From the entries that follow, reproduce exactly and only the lines from the line with "Preschool Wall Decal" to the line with "Painting of Landscape on Wood Board", endpoints included.

══════════════════════════════

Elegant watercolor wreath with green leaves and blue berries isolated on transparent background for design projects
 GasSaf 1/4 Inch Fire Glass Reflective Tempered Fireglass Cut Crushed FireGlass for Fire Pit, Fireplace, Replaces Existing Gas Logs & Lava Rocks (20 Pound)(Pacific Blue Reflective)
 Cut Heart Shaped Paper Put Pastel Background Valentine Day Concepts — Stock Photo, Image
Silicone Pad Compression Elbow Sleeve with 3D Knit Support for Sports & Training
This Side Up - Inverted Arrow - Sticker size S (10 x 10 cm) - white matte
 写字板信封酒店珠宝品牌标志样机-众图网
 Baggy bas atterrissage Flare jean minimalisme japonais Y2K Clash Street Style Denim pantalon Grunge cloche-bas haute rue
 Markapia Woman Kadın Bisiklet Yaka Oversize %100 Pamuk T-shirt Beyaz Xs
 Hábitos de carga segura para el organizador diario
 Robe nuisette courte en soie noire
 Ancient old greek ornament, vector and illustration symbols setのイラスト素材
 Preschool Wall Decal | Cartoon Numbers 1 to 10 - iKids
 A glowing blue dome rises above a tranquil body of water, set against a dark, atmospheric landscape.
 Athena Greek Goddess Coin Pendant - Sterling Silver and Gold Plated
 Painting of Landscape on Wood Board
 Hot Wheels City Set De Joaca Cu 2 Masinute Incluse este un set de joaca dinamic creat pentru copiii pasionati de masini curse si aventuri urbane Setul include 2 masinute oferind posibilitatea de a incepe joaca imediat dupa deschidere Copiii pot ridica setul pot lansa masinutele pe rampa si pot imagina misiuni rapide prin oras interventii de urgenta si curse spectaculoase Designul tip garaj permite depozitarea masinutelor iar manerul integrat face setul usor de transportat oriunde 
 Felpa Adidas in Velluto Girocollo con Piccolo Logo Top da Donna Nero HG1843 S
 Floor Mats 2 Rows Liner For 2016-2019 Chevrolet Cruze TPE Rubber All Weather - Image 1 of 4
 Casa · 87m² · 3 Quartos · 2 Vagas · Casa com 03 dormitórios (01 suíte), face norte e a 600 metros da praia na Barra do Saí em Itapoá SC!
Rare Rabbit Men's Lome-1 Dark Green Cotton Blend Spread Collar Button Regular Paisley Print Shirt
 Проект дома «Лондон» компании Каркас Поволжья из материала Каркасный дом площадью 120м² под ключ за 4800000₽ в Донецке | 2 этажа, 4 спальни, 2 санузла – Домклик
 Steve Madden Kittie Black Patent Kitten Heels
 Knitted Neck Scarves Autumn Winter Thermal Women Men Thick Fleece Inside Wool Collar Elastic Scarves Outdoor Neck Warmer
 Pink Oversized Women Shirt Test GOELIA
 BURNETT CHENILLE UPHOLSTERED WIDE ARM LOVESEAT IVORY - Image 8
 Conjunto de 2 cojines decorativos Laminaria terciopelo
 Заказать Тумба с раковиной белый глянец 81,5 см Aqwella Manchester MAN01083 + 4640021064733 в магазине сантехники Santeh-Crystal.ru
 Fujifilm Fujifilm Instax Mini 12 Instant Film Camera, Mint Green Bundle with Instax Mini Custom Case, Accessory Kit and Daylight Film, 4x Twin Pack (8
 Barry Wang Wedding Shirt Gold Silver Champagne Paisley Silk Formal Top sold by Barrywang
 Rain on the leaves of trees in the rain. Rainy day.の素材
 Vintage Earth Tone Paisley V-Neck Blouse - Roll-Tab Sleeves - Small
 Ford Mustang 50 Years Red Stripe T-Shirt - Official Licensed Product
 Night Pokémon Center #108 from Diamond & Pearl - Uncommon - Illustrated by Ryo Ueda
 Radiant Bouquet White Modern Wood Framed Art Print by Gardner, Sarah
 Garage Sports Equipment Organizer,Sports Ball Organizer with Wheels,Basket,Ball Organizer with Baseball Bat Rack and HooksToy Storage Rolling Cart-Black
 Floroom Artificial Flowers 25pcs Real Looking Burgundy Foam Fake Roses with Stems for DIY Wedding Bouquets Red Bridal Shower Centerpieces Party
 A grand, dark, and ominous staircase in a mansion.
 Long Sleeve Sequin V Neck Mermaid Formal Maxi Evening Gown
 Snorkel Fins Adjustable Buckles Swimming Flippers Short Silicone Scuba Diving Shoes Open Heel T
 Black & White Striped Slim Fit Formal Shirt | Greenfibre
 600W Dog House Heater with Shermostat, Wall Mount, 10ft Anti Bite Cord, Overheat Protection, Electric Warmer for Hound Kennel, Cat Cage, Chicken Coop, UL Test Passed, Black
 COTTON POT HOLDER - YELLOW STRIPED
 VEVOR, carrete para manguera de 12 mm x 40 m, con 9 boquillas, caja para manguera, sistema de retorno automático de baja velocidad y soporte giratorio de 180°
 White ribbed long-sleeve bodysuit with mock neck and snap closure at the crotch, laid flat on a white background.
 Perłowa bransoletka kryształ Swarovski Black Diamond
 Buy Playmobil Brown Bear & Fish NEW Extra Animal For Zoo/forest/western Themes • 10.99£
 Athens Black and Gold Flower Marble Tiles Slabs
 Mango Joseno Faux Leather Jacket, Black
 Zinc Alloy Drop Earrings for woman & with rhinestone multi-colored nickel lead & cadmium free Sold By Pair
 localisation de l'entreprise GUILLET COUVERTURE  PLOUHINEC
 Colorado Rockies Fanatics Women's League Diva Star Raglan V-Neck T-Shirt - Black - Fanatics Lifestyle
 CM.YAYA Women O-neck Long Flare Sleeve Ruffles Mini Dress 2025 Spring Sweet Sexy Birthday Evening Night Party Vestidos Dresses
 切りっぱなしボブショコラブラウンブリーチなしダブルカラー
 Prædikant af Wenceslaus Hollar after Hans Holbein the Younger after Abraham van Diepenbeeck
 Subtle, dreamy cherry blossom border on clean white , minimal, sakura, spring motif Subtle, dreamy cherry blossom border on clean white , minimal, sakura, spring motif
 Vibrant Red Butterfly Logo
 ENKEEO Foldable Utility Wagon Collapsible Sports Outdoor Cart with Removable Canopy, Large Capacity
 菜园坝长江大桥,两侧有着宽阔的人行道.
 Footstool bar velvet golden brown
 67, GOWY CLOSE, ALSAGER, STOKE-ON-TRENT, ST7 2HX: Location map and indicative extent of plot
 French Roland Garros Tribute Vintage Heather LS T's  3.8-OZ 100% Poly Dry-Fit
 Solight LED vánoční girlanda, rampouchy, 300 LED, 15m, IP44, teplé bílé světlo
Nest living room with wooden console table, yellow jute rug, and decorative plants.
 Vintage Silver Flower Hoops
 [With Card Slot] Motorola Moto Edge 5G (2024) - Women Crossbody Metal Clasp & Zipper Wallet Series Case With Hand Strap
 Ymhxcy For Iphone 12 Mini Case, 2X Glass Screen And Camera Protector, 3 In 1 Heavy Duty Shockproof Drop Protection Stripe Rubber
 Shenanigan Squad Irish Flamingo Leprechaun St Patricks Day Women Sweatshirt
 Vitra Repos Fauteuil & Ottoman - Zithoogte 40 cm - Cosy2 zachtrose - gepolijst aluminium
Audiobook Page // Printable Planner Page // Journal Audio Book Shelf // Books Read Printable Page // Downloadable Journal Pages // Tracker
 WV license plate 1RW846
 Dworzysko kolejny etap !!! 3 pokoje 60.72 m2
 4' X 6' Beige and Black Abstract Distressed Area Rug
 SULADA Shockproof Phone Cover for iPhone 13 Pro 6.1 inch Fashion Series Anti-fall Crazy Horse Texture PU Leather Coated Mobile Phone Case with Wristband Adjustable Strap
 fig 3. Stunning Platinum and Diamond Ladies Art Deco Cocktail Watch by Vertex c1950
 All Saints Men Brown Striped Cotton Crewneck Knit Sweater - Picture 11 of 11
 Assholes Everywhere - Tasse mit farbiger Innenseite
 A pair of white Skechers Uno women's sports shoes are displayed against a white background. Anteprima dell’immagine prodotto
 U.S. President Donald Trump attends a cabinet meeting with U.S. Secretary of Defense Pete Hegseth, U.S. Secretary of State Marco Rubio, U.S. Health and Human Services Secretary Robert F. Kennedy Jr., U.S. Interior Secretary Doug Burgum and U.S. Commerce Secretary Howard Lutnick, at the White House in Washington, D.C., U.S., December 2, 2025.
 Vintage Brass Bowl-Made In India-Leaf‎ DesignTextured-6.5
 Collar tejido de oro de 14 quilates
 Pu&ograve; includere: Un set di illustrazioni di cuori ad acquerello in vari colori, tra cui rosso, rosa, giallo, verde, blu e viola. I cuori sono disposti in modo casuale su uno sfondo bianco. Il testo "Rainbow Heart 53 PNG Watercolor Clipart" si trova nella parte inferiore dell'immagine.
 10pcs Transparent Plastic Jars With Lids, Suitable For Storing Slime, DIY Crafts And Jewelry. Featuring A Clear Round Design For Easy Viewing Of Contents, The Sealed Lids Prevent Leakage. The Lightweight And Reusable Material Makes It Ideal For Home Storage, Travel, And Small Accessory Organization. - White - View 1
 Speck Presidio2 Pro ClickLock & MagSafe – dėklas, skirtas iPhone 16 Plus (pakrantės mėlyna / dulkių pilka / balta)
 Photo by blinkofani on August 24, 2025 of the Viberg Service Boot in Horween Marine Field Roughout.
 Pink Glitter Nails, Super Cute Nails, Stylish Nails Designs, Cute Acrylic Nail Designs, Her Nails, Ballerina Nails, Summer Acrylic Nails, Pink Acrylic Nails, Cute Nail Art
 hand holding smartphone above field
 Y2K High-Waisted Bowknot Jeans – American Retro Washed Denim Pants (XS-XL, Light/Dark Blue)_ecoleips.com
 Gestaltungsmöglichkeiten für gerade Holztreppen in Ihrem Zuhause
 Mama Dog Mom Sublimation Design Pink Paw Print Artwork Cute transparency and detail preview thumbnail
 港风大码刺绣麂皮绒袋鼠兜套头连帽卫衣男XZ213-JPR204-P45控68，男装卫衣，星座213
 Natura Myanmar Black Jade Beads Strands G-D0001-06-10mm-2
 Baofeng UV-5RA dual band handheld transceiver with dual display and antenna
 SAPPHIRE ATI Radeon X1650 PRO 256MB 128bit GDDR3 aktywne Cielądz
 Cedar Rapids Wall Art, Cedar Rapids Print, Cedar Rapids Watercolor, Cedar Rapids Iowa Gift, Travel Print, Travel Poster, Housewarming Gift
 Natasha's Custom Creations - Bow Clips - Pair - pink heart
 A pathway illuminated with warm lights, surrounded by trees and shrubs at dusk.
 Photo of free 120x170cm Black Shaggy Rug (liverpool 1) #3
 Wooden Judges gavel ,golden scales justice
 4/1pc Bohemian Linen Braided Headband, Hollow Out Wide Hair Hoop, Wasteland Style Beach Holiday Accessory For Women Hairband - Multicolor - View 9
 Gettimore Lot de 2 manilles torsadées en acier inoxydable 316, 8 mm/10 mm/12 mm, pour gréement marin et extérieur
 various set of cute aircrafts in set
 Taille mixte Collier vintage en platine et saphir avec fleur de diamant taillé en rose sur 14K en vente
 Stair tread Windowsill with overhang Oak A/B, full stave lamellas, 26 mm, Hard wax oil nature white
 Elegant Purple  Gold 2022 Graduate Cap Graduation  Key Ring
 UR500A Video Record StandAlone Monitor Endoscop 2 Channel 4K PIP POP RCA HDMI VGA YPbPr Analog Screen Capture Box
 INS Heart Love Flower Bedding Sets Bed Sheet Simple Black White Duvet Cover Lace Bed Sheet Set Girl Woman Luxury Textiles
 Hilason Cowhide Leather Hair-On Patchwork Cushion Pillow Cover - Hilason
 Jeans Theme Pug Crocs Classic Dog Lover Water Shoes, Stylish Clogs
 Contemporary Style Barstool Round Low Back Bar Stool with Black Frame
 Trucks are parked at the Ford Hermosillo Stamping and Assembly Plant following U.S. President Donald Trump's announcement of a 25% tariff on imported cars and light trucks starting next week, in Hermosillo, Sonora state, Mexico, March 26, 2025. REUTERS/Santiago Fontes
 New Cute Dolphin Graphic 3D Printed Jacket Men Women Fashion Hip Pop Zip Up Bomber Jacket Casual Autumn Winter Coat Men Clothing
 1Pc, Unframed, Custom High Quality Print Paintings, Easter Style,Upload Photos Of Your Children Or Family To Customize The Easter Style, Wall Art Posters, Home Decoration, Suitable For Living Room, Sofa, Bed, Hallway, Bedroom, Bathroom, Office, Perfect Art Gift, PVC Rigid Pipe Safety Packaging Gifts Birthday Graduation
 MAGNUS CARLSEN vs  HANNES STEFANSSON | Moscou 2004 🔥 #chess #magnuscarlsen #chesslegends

══════════════════════════════

(Exercise answer)
 Preschool Wall Decal | Cartoon Numbers 1 to 10 - iKids
 A glowing blue dome rises above a tranquil body of water, set against a dark, atmospheric landscape.
 Athena Greek Goddess Coin Pendant - Sterling Silver and Gold Plated
 Painting of Landscape on Wood Board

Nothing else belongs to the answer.